▶ ASSIGNMENT: Below are the records; give again exactly the lines from the one containing "Relic Brand Hobo" through the one containing "Lunettes De Soleil", leaving out pictures.

▶ SUPPLIED MATERIAL:
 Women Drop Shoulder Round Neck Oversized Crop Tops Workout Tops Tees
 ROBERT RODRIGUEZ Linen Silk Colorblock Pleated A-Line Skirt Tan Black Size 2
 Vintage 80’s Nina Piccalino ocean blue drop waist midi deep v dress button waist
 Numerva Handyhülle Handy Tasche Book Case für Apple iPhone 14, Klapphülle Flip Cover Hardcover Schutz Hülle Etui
--
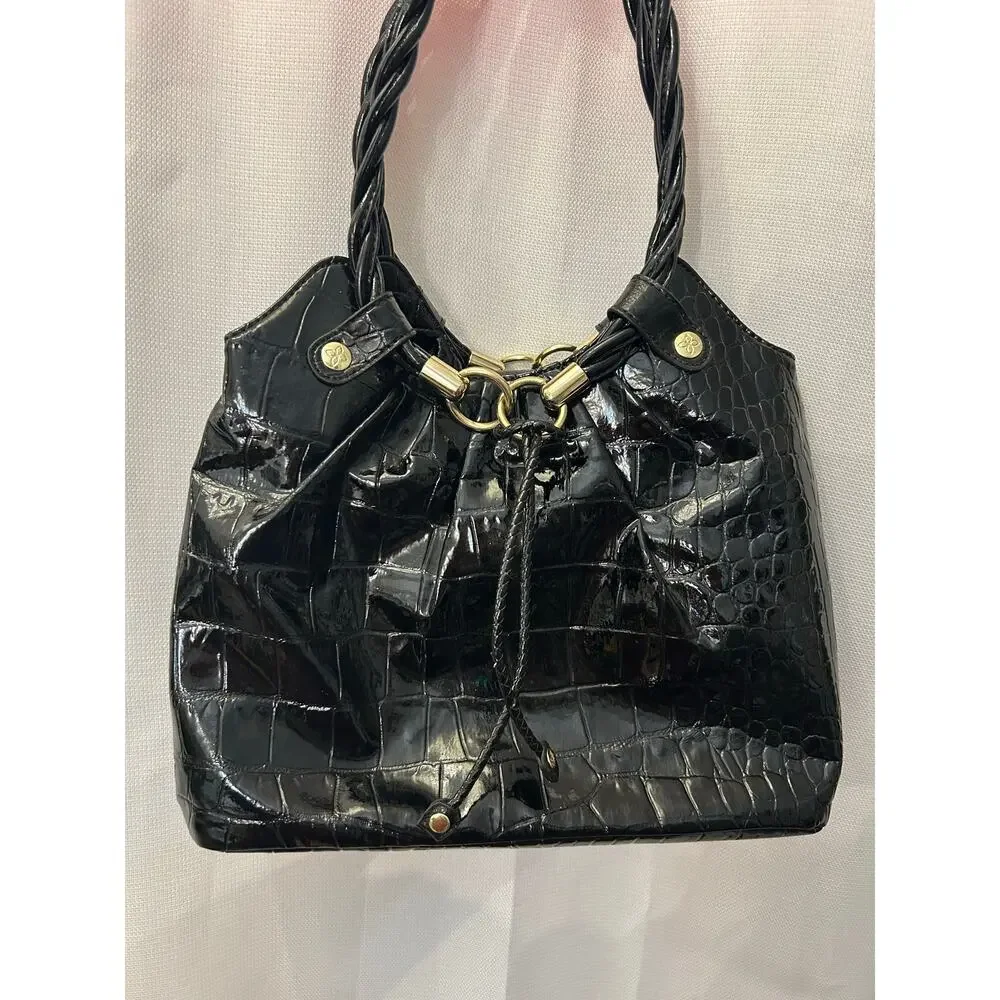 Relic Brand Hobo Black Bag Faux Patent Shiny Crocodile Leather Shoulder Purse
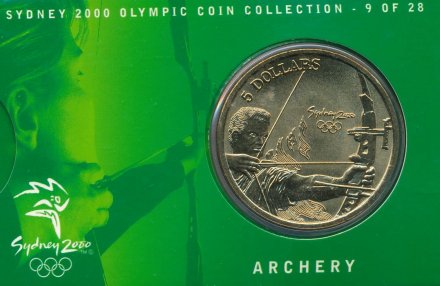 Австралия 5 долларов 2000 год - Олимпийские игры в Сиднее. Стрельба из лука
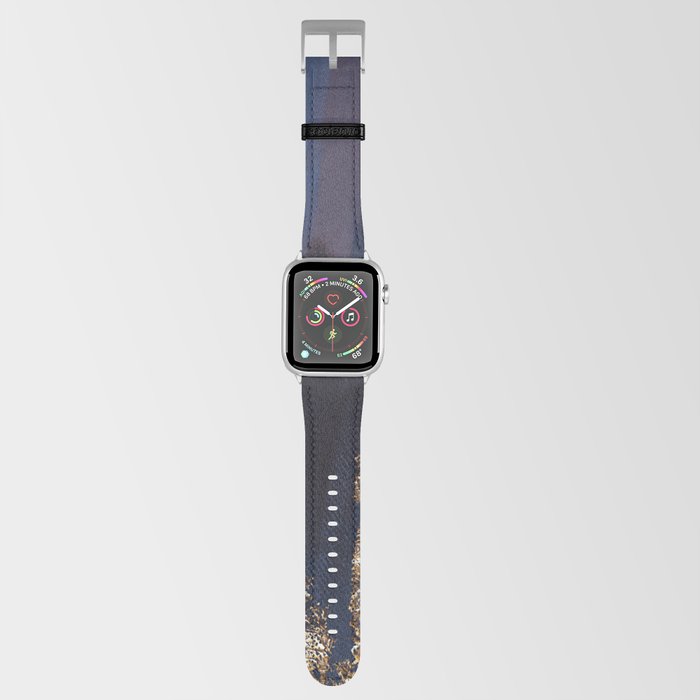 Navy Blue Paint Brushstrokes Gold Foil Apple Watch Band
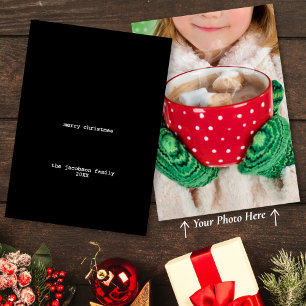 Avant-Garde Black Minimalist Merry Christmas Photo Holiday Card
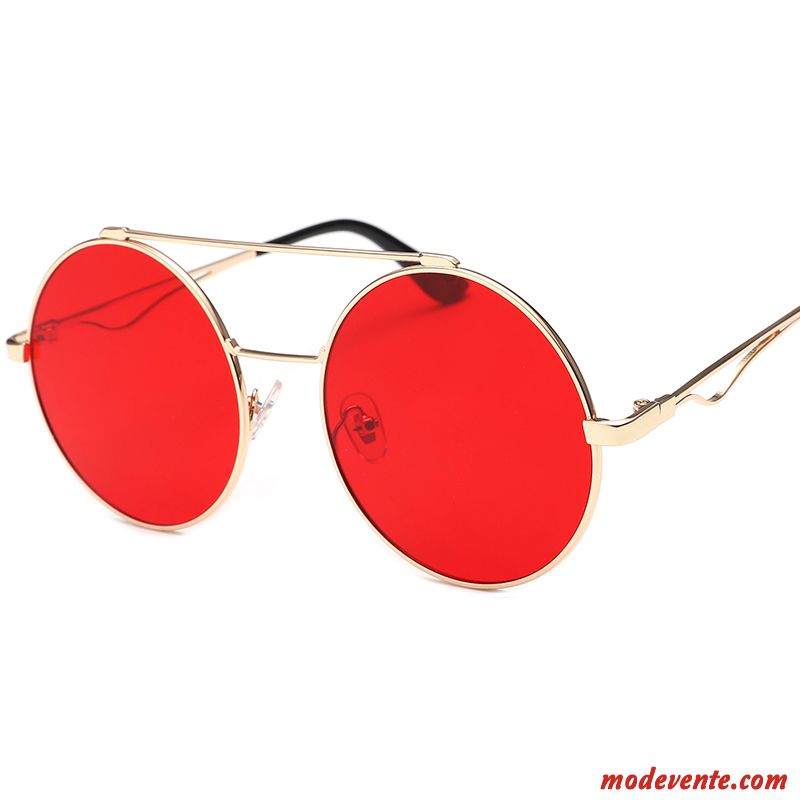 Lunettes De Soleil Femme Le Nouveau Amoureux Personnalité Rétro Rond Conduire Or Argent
==
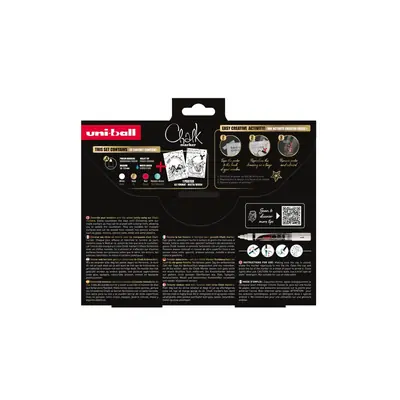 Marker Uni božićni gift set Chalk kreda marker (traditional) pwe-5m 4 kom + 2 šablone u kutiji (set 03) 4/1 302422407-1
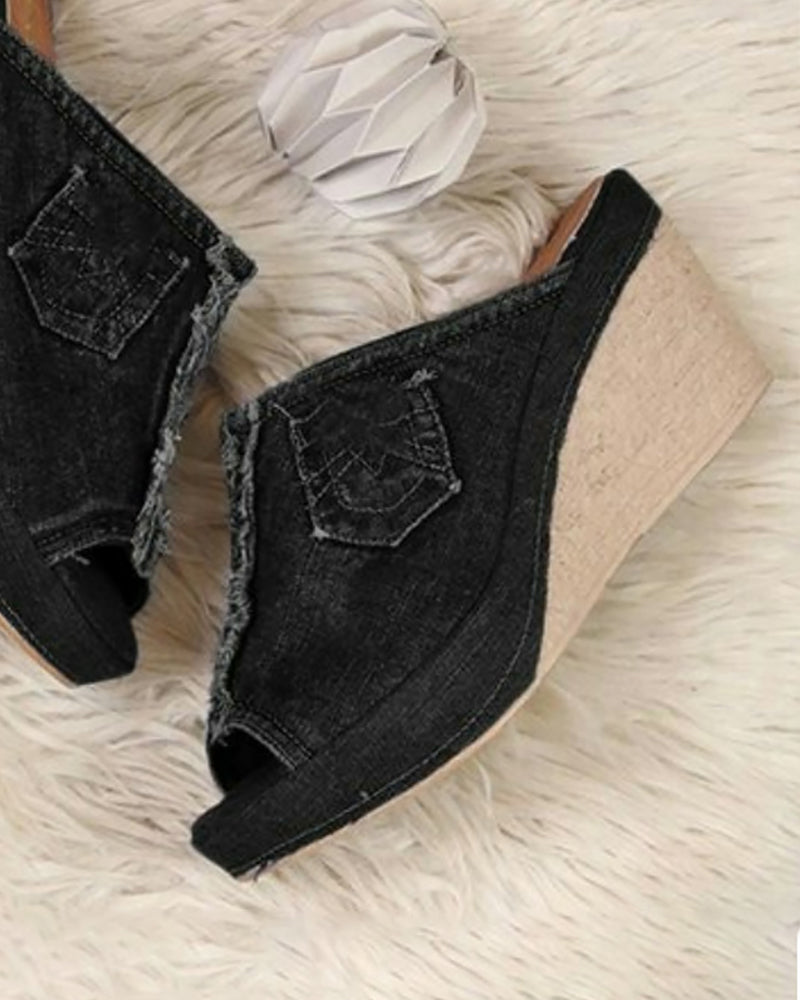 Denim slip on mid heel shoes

▶ EXERCISE ANSWER:
 Relic Brand Hobo Black Bag Faux Patent Shiny Crocodile Leather Shoulder Purse
 Австралия 5 долларов 2000 год - Олимпийские игры в Сиднее. Стрельба из лука
 Navy Blue Paint Brushstrokes Gold Foil Apple Watch Band
 Avant-Garde Black Minimalist Merry Christmas Photo Holiday Card
 Lunettes De Soleil Femme Le Nouveau Amoureux Personnalité Rétro Rond Conduire Or Argent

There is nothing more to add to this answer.